The models are evaluated on the test set to measure their generalization ability. This step highlights whether batch normalization improves the model's performance on unseen data, focusing on stability and potential overfitting.

### Explaination of outcome:

---

#### **1. Batch Normalization's Purpose**
Start by reinforcing the **primary purpose** of batch normalization:
- **Faster Training Convergence**: It helps models train faster by normalizing inputs to each layer.
- **Regularization Effect**: It can reduce overfitting by adding noise to layer activations during training.

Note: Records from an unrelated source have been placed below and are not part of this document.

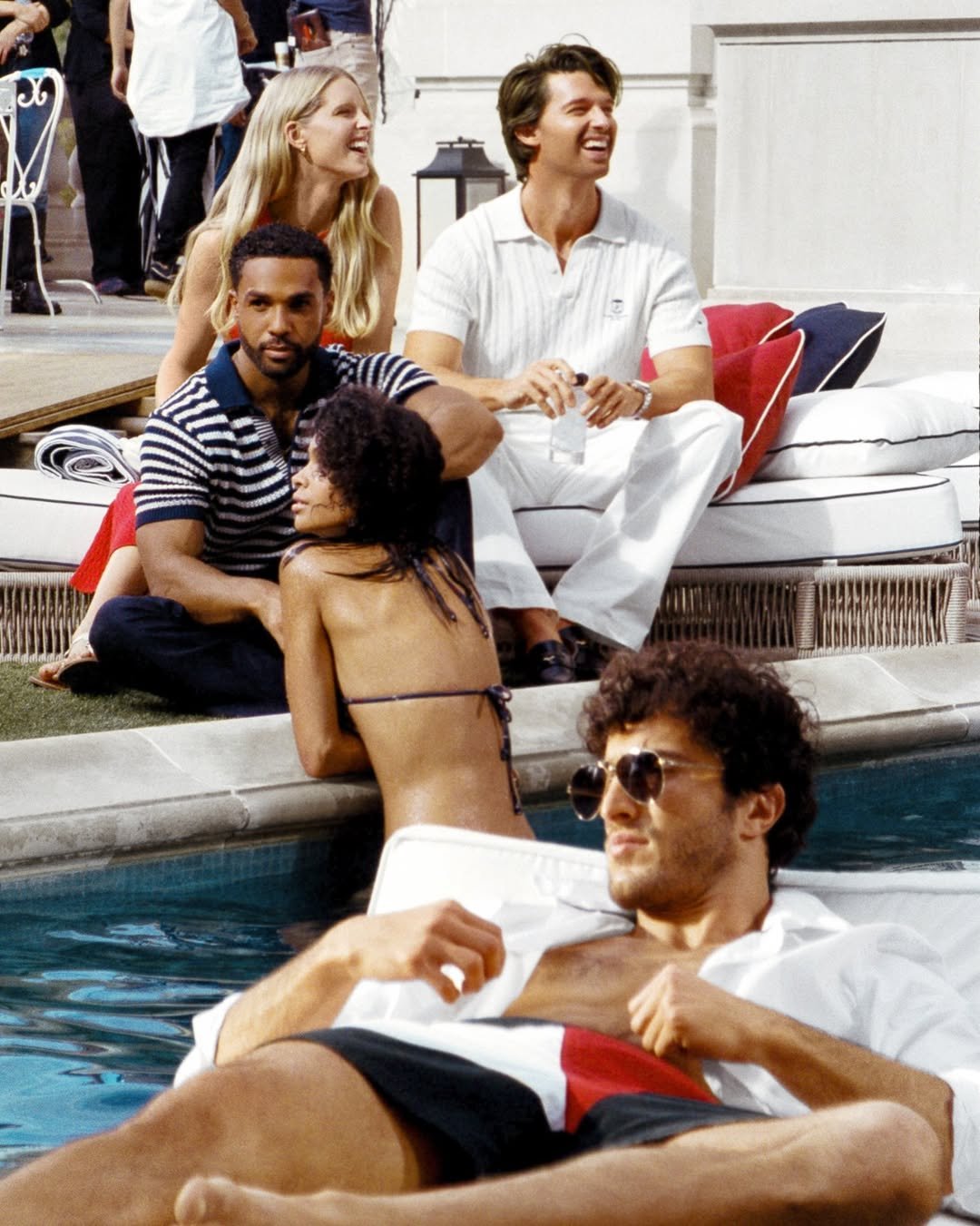 Photo shared by Tommy Hilfiger on April 02, 2026 tagging @patrickschwarzenegger, @abbychampion, @its_lucien, and @_raphaaaa. May be an image of deck chair, chaise lounge, cabana and text.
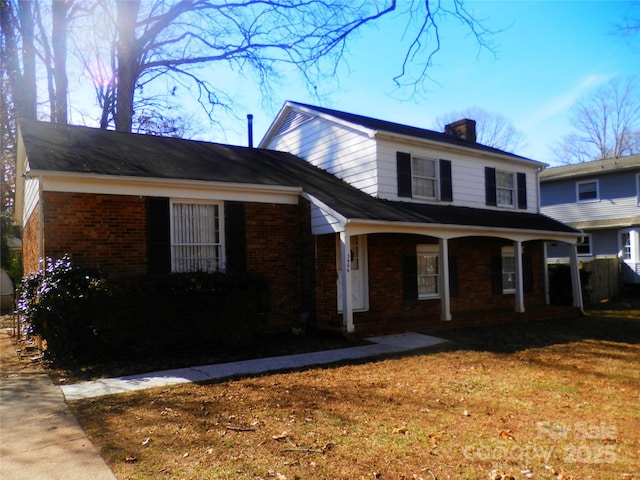 traditional home featuring covered porch, brick siding, and a chimney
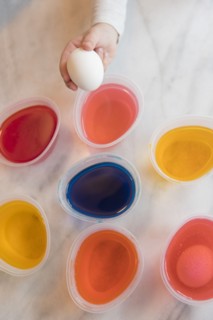 Hand of girl selecting dye for Easter egg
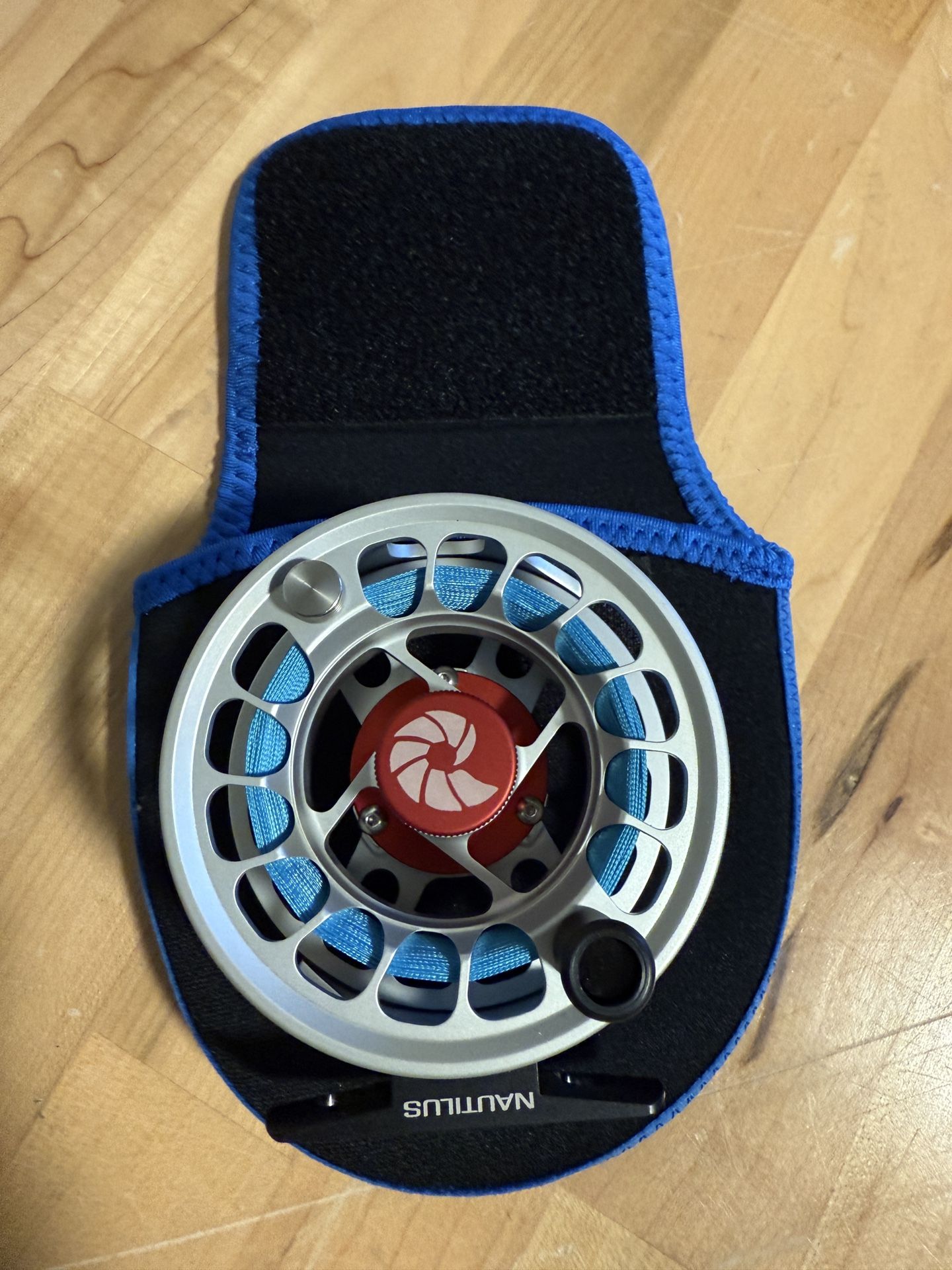 NEW UNUSED NAUTILUS XM FLY FISHING REEL (SILVER)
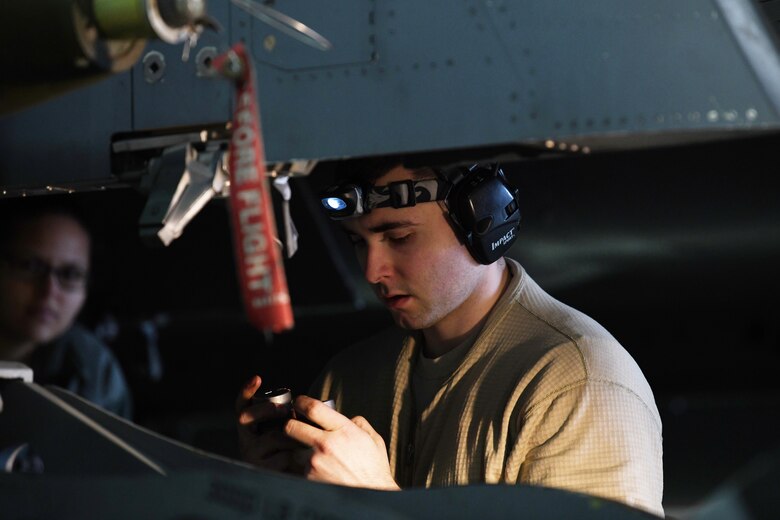 A 492nd Aircraft Maintenance Unit load crew member secures ordinance during the 48th Fighter Wing 2018 Load Crew of the Year competition at Royal Air Force Lakenheath, England, Jan. 18, 2019. The 492nd, 493rd and 494th Aircraft Maintenance Units were given 30 minutes to complete a demonstration load. (U.S. Air Force photo by Airman 1st Class Shanice Williams-Jones)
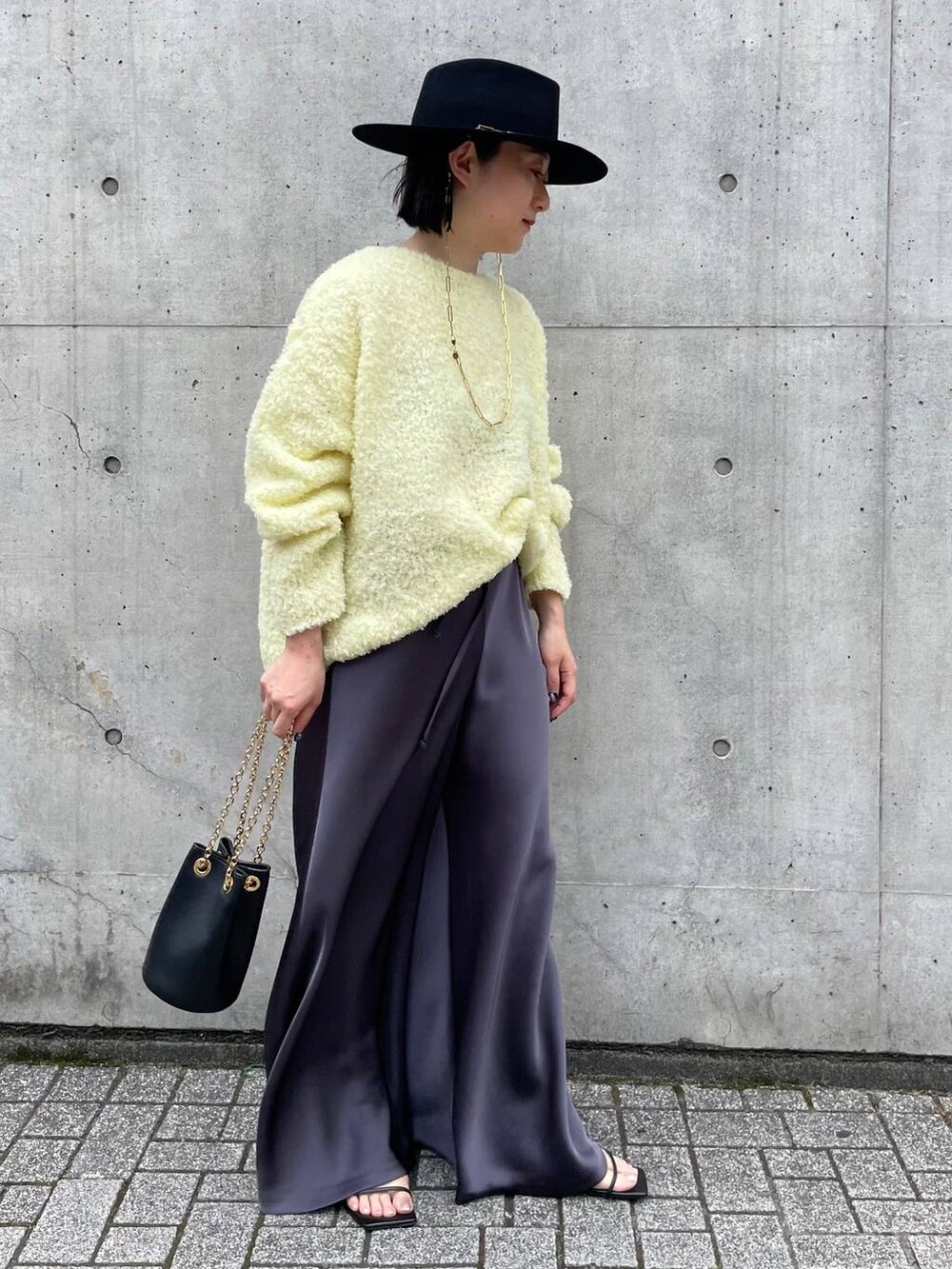 イエロー系のニット/セーター、グレー系のその他パンツを着用したレディースの夏コーディネートの3枚目の写真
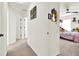 Hallway leading to a carpeted bedroom that features bright walls and an appealing ceiling fan at 8448 Greenbank Blvd, Windermere, FL 34786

Even if the final accuracies are similar, batch normalization might still have improved the **training process** (e.g., smoother convergence or reduced epochs to achieve similar accuracy).

---

#### **2. Analyze Training Behavior**
Encourage you to compare **training curves** (loss/accuracy over epochs). Explain these possibilities:
- **Convergence Speed**: Did the model with batch normalization converge faster?
- **Smoothness**: Is the loss/accuracy curve smoother for the batch-normalized model, indicating more stable training?
  
If the curves are nearly identical, emphasize that **batch normalization's benefits are more apparent in deeper networks** or with more complex datasets.

---

#### **3. Factors Influencing Batch Normalization's Impact**
Why the results might be similar:
- **Model Architecture**: The current model is relatively shallow. Batch normalization is more effective in **very deep networks**.
- **Dataset Simplicity**: Fashion MNIST is a manageable dataset. Batch normalization's advantages become clearer with **more complex datasets** or highly imbalanced data.
- **Optimizer**: Using Adam (a robust optimizer) might reduce the observable benefits of batch normalization because Adam already adapts learning rates effectively.

---

#### **4. Highlight Generalization Insight**
Why test accuracy might not differ much:
- **Model Capacity**: Both models have sufficient capacity to learn Fashion MNIST. Adding batch normalization didn’t significantly alter this.
- **Overfitting**: Batch normalization acts as a regularizer. However, the dataset may not be complex enough to showcase overfitting issues that batch normalization could mitigate.

---

#### **5. Encourage Further Exploration**
Opportunities to explore:
1. **Increase Model Depth**: Add more layers and observe if batch normalization improves performance.
2. **Use a Complex Dataset**: Try datasets complex datasets, where batch normalization often shows a greater effect.
3. **Alter Hyperparameters**: Experiment with learning rates, optimizers, or dropout alongside batch normalization.

### Key Takeaways

- Batch normalization helps in faster convergence during training.
- It improves generalization by reducing overfitting, especially in deeper networks.
- Training with batch normalization results in more stable and consistent gradients.

### Summary:

In this lab, you implemented and compared a deep neural network with and without batch normalization. By analyzing training losses and test accuracies, you observed the impact of batch normalization on convergence speed and generalization performance. This foundational knowledge is crucial for designing efficient and robust neural network architectures in real-world applications.